Fritz fühlt, weit fressender, als er es mit Worten ausdrücken könnte, die Demütigung, die darin liegt, daß man ihn gegen seine erkannte Stimmung zwingen will, dieses, gerade dieses Gedicht zu sprechen, das er innerlichst erlebt hat und liebt — freien, offenen Trotz! Wie ein Peitschenhieb noch dazu die Herabwürdigung seiner gestrigen Leistung. Er weiß genau, daß es weit mehr als Schulpathos war, was gestern noch aus seiner Stimme geklungen hat, als er die Verse glühenden Aufruhrs sprach. Nun dies: Miserabel! — Wütende Auflehnung ist in ihm — er möchte mit Füßen stampfen, schreien, sich wehren — blitzschnell zucken ihm verzweifelte Möglichkeiten durch das Hirn — durchbrennen, Schiffsjunge, Selbstmord. — Doch ist er so grenzenlos allein; die ganze Klasse schwelgend in lüsterner Schadenfreude. Keiner wird ihm helfen, keiner. Der Gorilla, siegessicher, rachedurstig. Die Eltern — blinde Verurteilung, Prügel vielleicht. — Da siegt die Knute — er schleicht aufs Podium, würgt an seiner Scham, stammelt eintönig Worte, Sätze. — Der Gorilla hört mit verschränkten Armen zu, ohne Regung von Lob oder Tadel. Nur ein Flimmern ist in seinen Augen; um die breiten Lippen, in deren Winkeln noch Schaum hängt von dem Gebrüll vorher, zuckt Triumph. Er unterbricht nicht, schenkt dem Jungen kein Wort, keine Silbe. Als die zagende, brüchige Knabenstimme längst verklungen ist, nach einer quälenden Pause erst, sagt er mit sattem Hohn: „So, mein Lieber, damit Sie’s wissen: das ist ganz ungenügend! Abtreten!“ Und die Klasse gröhlt Zustimmung. Jeder weiß, daß es ihm morgen, vielleicht heute noch, genau so gehen kann. Grund genug zur Freude, nun, da es einen andern trifft.

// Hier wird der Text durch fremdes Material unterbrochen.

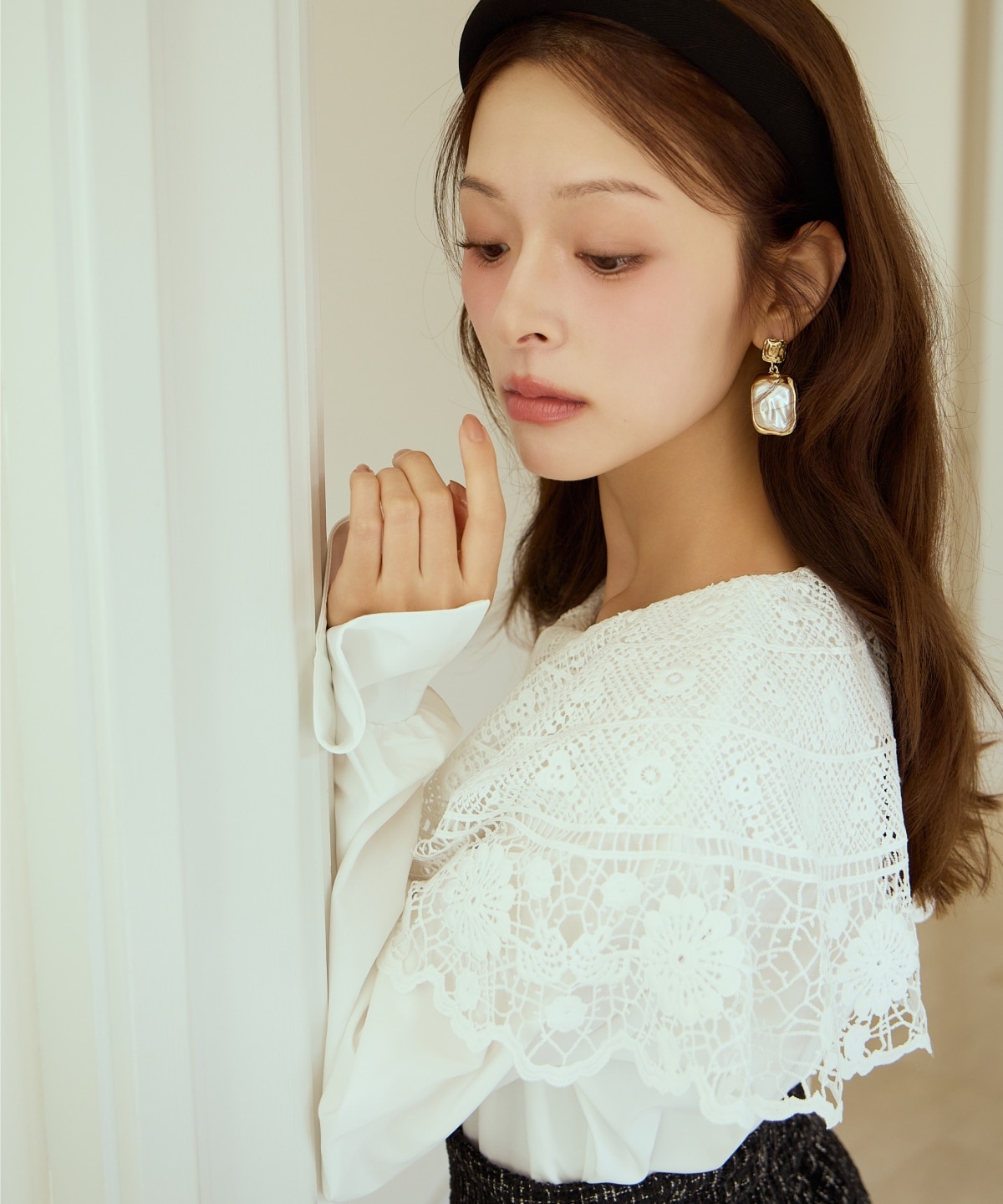 レースカラーブラウス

Und so blieb es von da an. Der Gorilla erwies sich als weit erfinderischer im gefahrlosen Quälen, als irgend jemand vermutet hätte. Bis er sich zu einer offenen Rechtsbeugung hinreißen ließ. Da war eine Hausaufgabe gestellt worden: „Die Hand, ihre Bedeutung in der Entwicklung der Menschheit“. Ein sogenanntes ‚freies Thema’ also, wie sie Fritz von Herzen mochte. Denn es gab auch andere, religiöse, oder scharf patriotische, oder gar grammatikalische, wie „ing, ling, ung, drei Endungen und ihre Bedeutung“. Mit denen wußte er nie was anzufangen, obwohl viele aus der Klasse sie freudigst begrüßten, denn dabei ließen sich aus dem Katechismus, dem Geschichtsbuch oder der Grammatik oft ganze Absätze verwerten. Die freien Themen hingegen waren vielen ein Schreck. — Fritz also schrieb mit Eifer, baute atemraubende Perioden, prägte Bilder, sparte nicht mit Zutaten. Es wurde ein wohlgerundeter Aufsatz, auf den man wohl stolz sein konnte. Am letzten Abend vor der Ablieferung kam atemlos Müller Fritz an, weitaus der Schlechteste der Klasse, der nur seinem inbrünstigen christkatholischen Glauben und der Gönnerschaft des Katecheten das Weiterrutschen von Jahr zu Jahr dankte. Müller also bat dringend, Fritz möchte ihm doch bei dem Aufsatz helfen, er wisse nicht ein noch aus. Und Fritz kam der Aufforderung gerne nach, gab einiges aus seinen kühnen Gedankengängen zum besten, ließ den andern auch die fertige Arbeit durchlesen. Der dankte sehr und ging.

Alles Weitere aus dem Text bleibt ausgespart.